Il mondo di Ludovica, protagonista di Sola andata (NNeditore, 2022), nasconde teoremi da decifrare, postulati da scrivere e riscrivere su un quaderno per trovare la chiave universale e soprattutto personale di questa vita così complessa. Vent’anni e un appartamento comprato con Cristian, in un quartiere romano che chiamano “il cantiere” perché ancora da terminare e definire, proprio come le loro vite; i due condividono una quotidianità apparentemente normale che li inghiotte fin quando lui non deve trasferirsi per lavoro a Londra e Ludovica rimane da sola, con la gattina cieca Ombra trovata per caso, o forse no. A vagare “al buio” nelle stanze di quella casa comprata in due adesso non è più solo Ombra: entrambe vivono senza vedere davvero, nell’attesa del ricongiungimento. Ogni aereo preso rappresenta l’illusione di colmare la distanza emotiva insieme a quella fisica, la necessità di sovrapporre i propri desideri a quelli dell’altro per fare in modo che tutto vada bene. Ludovica crede di poter ritrovarsi soltanto là dove sta colui che ama, e in nessun altro posto.
«La casa era un deserto quadrato. Gli oggetti restavano ad aspettarmi sorvegliati dal grande orologio rosso appeso al muro della cucina, e nel frattempo mi pareva che si tramutassero in qualcosa di diverso, che non avrei più potuto toccare. Come se a ogni partenza mi fossi spostata da quella che ero, e poi fossi tornata sdoppiata di qualche millimetro, non più sovrapponibile alla versione precedente.»
La protagonista ha una percezione alterata di ciò che la circonda, il suo sguardo filtra ogni cosa: la realtà che propone al lettore è snaturata dai suoi stati d’animo. Infatti, nel corso della narrazione sembra allontanarsi sempre di più dal personaggio che era all’inizio: cambia città, trova un lavoro che all’apparenza niente ha a che fare con il suo modo di essere, muta ma resta comunque ancorata al nucleo perduto, a Ombra e Cristian com’erano prima, a loro tre insieme. Cerca nel mondo circostante la chiave, il segreto da rubare per vivere bene ma continua a non riconoscersi, prova continuamente a rimodulare per trovare la combinazione perfetta e lo fa aggrappandosi alle sue convinzioni, a quei segni a cui affida la sua felicità.
«Un grattacielo era andato a fuoco a North Kensington, l’incendio aveva prima invaso la cucina di un appartamento e solo dopo dagli infissi si era diffuso ai rivestimenti d’alluminio, (…) Quel grattacielo avrebbe potuto essere il nostro, le loro forme erano sovrapponibili, continuavo a sentirmi in colpa perché non era capitato a noi.»

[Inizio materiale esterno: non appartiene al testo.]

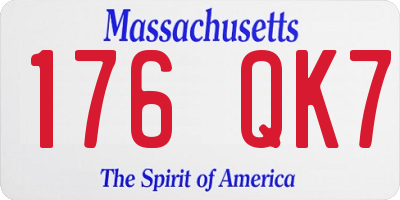 MA license plate 176QK7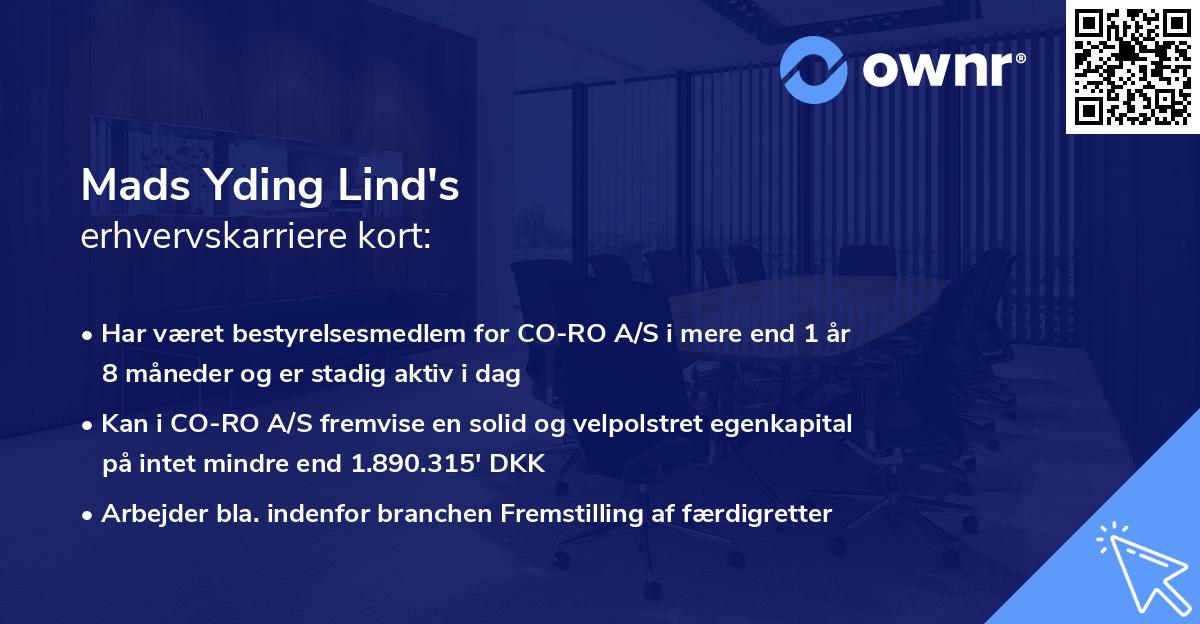 Mads Yding Lind's erhvervskarriere kort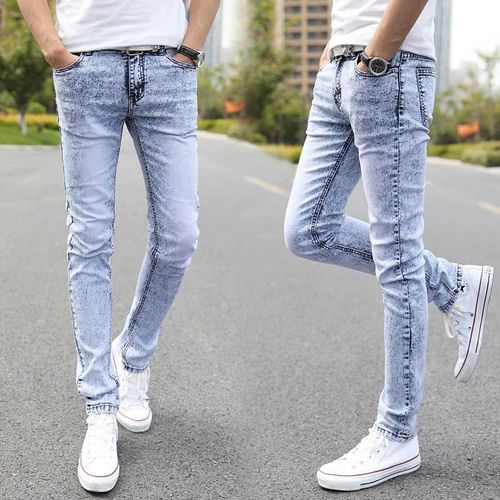Jean Slim Bleu Ciel Pour Homme,Super Élastique,Coupe Droite,Design De Marque,2023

La Londra che viene raccontata non è stereotipata, non riflette l’immaginario comune della città ma ha un volto che solo Ludovica conosce perché legato a ciò che lei prova, a quelle forme sovrapponibili che ritrova ovunque facendo diventare la storia degli altri la sua storia. Questi giochi di specchi hanno spazio e vita fin quando qualcosa non si spezza, e la realtà così com’è spiegata nei suoi quaderni si rivela una costruzione, un luogo vuoto che non esiste e che ha tagliato fuori tutto il resto. Non ci sono certezze, leggi da indagare ma soltanto vestiti di cui liberarsi e un fischio.

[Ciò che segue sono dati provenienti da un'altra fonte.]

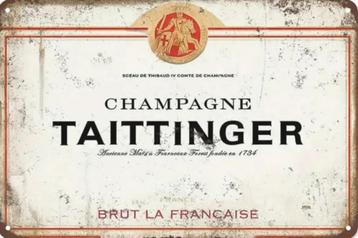 Reclamebord vintage Taittinger - mancave poolhouse nieuw beschikbaar voor biedingen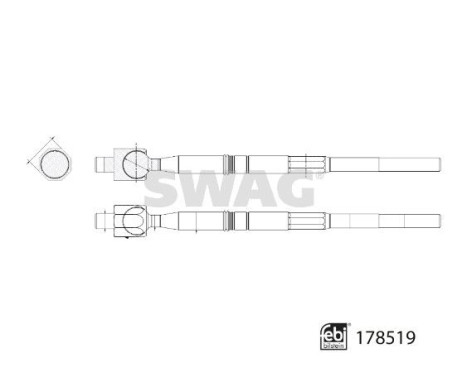 Tie rod (without steering ball), Image 3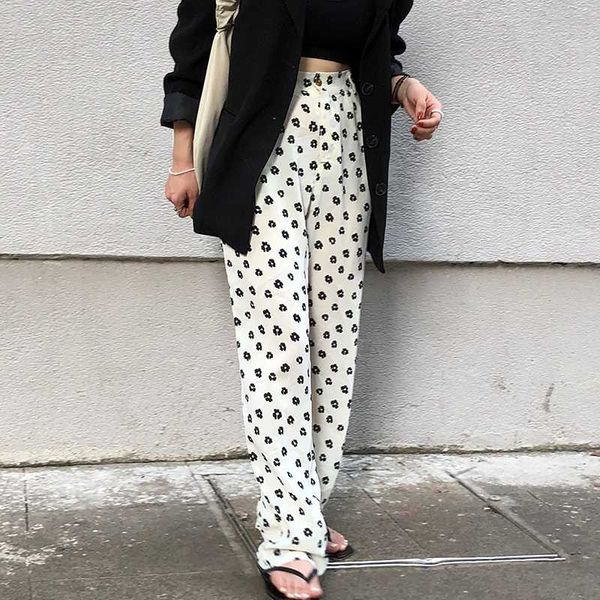 women's pants & capris floral wide leg womens high waist loose casual straight korean elastic trouser plus size black flower female, Black;white
women's pants & capris floral wide leg womens high waist loose casual straight korean elastic trouser plus size black flower female, Black;white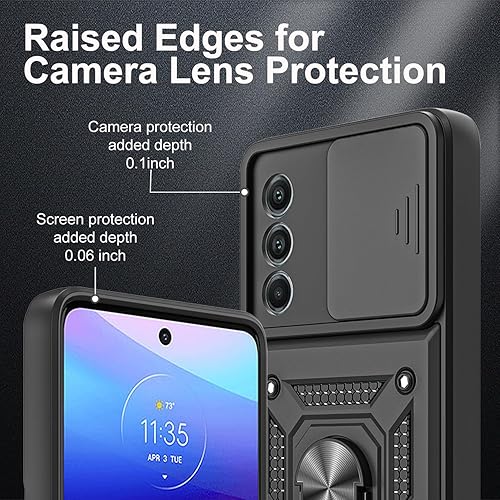 Miniatura 3 de Funda para Galaxy A53 5G, Samsung A53 5G con protector de pantalla de vidrio templado, grado militar, doble a prueba de golpes, con función atril,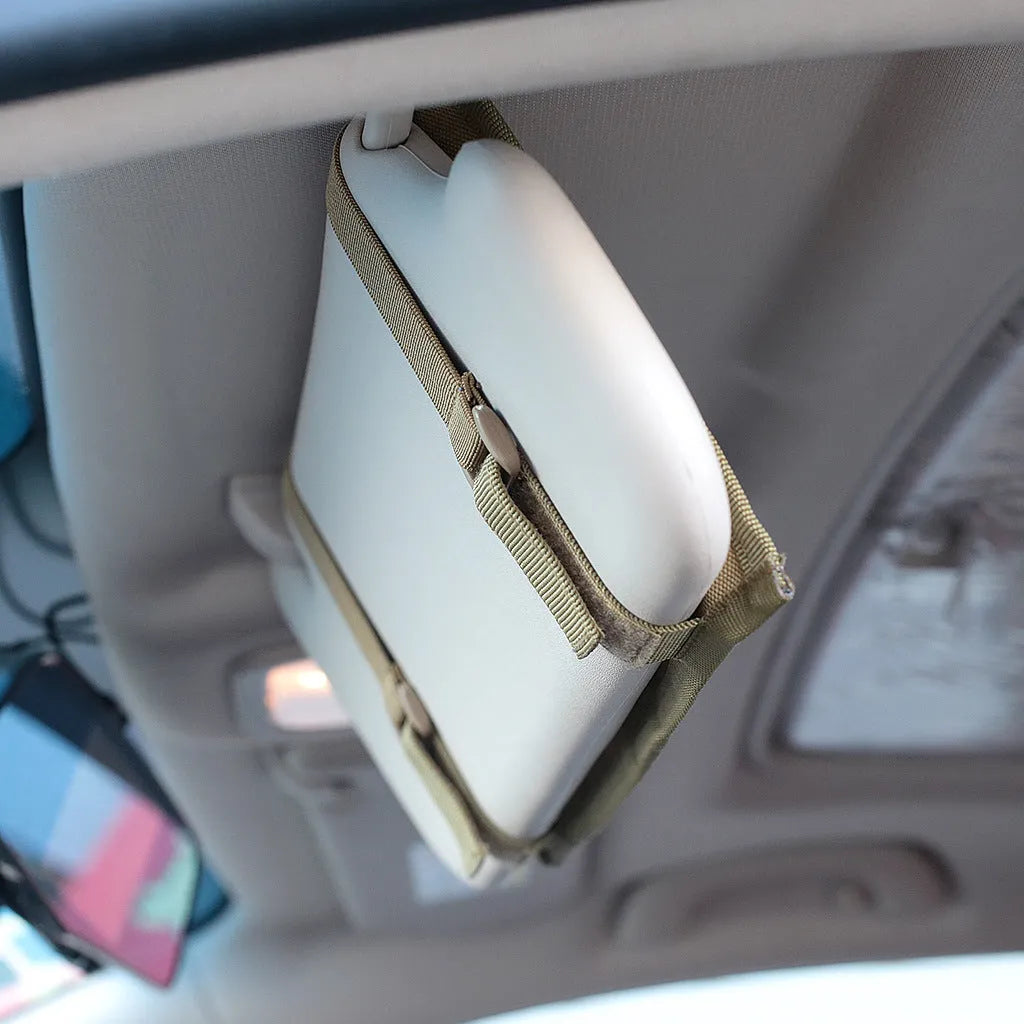 Tactical MOLLE vehicle sun visor organizer panel in khaki with 800D nylon construction
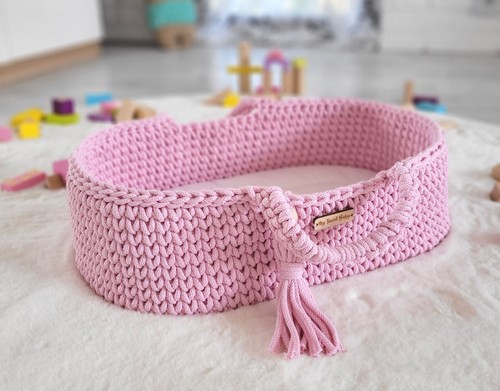 Boho babykorb aus baumwolle - babykorb,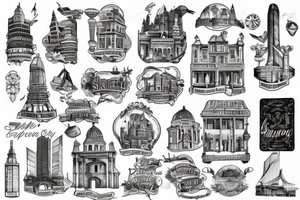 Travel old city skyscraper map tattoo idea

Così Claudia Bruno racconta cosa significa diventare adulti aggrappandosi a qualcun altro per paura di restare soli, ma anche come può succedere di perdersi durante il viaggio fino a non conoscere più la destinazione. L’autrice scrive una storia dai contorni labili che può essere compresa completamente solo alla fine: la conclusione della vicenda permette al lettore di porre nella giusta prospettiva ciò che ha letto, e comprendere, per esempio, anche alcune scelte stilistiche. Nelle prime pagine, il tono melodrammatico di alcune frasi e soprattutto descrizioni sembra fuori luogo e inadeguato rispetto a ciò che Ludovica sta raccontando, ma poi tutto assume il giusto significato quando si viene tirati a poco a poco dentro a questa spirale di incertezze e riflessioni: un biglietto di sola andata per l’età adulta.